I was working my Friday about six weeks ago. I was in a back aisle, matching index cards to books in the Texas section. I could hear what was going on 'up front', (we aren't a keep quiet kind of library) but I wasn't paying much attention, when I heard the name "Mehaffey". I spoke up. "I have Mehaffey's" I called out and went to where the conversation was.

 

I have to tell you first that although I and my parents moved to this county when I was a teen, neither I nor they were raised here. My parents were born and raised in Arkansas, but not in this county. Life took them other places and when they decided they wanted to move back to Arkansas, they chose this beautiful, artistic town to live. It is centrally situated in the state so they could reach their siblings and other loved ones within a few hours drive in one direction or another.
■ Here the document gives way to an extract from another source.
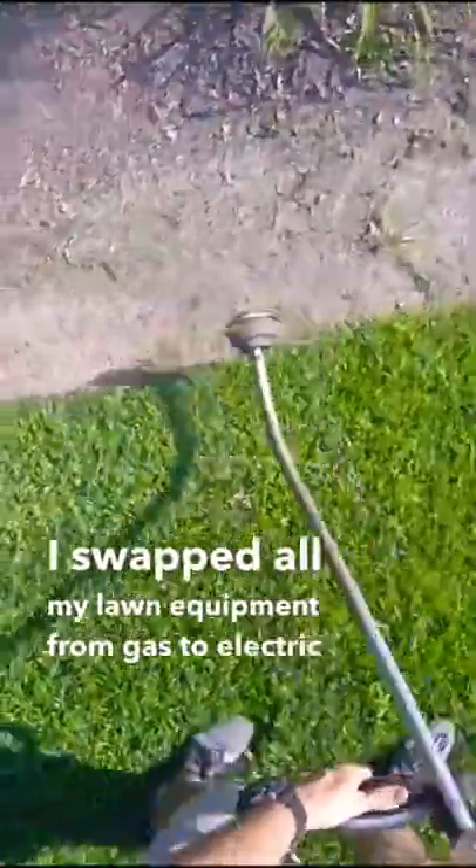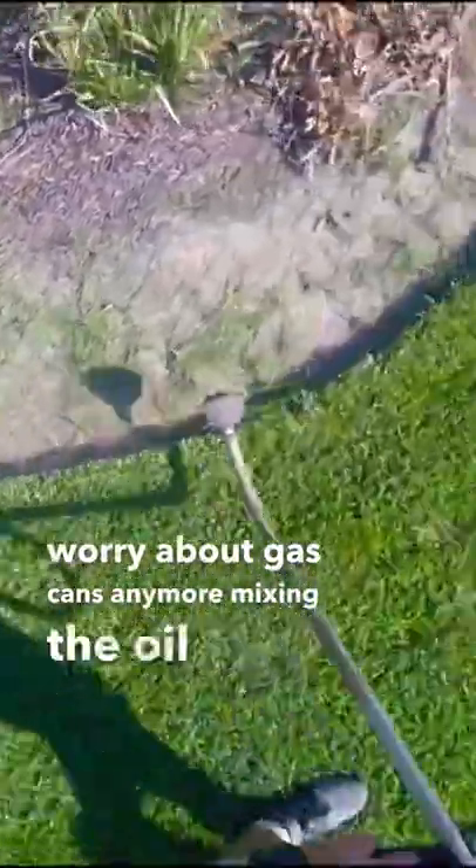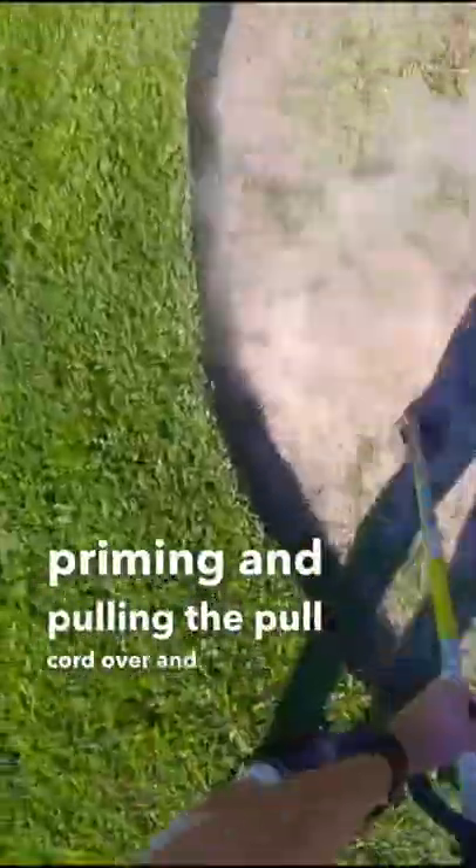I swapped all my lawn equipment from gas to electric about a year ago and I'll never go back. I don't have to worry about gas cans anymore, mixing the oil in or priming and pulling the pull cord over and over again until it starts.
Other than one of my children who now lives here, there are no relatives of mine in the county (but plenty of my husband's).

 

So the Mehaffey I was kin to wasn't in this county. Genealogists will recognize how I can stretch and find the kinship. My great-grandfather's sister married a Mehaffey in DeKalb County Georgia. He died (killed in the Civil War, I believe. Think the burning of Atlanta) and when the family moved from Georgia to Arkansas by covered wagon, sister Mehaffey and children came too. But not to this county.

 

So I went to the front of the library and explained the connection. The couple who were researching had come from Utah to find out more about her father's roots, and they came to the Melting Pot Library because of our size. In trading information, we never did find the exact connection between us, BUT (and this is important) she called up her DNA relatives on her laptop, and there I was. We ARE kin. We couldn't figure out exactly how, but we will.

 

What a coincidence! They came all the way from Utah, to a library that happened to be open the day of the week they ended up in Hot Springs, and it was the one day of the month I, a relative, was working, and I overheard the family name and recognized it.

 

Coincidence? Or God's way of remaining anonymous?